Hillwood Museum Chief Curator Wilfried Zeisler then discussed Post’s vision as a collector who built the Hillwood Mansion in Washington, D.C., to house a unique collection of 18th-century French and Russian art that is known internationally.
“Very early on,” he said, “the goal of her collection, she understood, was that her history, her past and her taste was something she wanted…future generations to see what a woman like her could achieve during her lifetime.”
The Somers’ collection is not very large, Kamsler said, and so her legacy must be the schools she started to prepare women to be wives and mothers in the world in which they lived. Post’s archives were at times in danger of being destroyed by her family, according to Speck, until a biographer had portions moved from Hillwood to the Bentley Library at the University of Michigan.
In preparing for the discussion, Speck said, he stumbled upon something new about Post from a 1960s oral history with former Mount Vernon President Peter Pelham.
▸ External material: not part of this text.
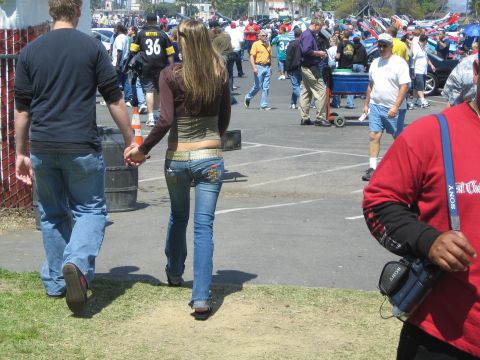 1968 Ford Mustang - A couple walks through a crowded outdoor event with numerous vehicles and attendees visible in the background.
Speck said that Pelham thought that for “this to truly be a women’s college, everyone had to be admitted but this was not something that everyone thought at the time.
“When Pelham discussed it with Marjorie, she was a hundred percent on board and talked to reluctant alumni.”
Beyond that, he said there was not much written documentation to learn about Post’s ideas on race, class or much of anything, not from a memoir or diary that were mainly about social events.
“It’s very hard to find her voice," said Zeisler, pointing to the portrait behind the students. “Who is the woman behind this fur, these necklaces and the dress?” Speck and Zeisler are part of a team from Hillwood who are working on a book project about the collections that will shed light on Marjorie Merriweather Post’s work in business, art and philanthropy, looking beyond the gilt-edged portrait.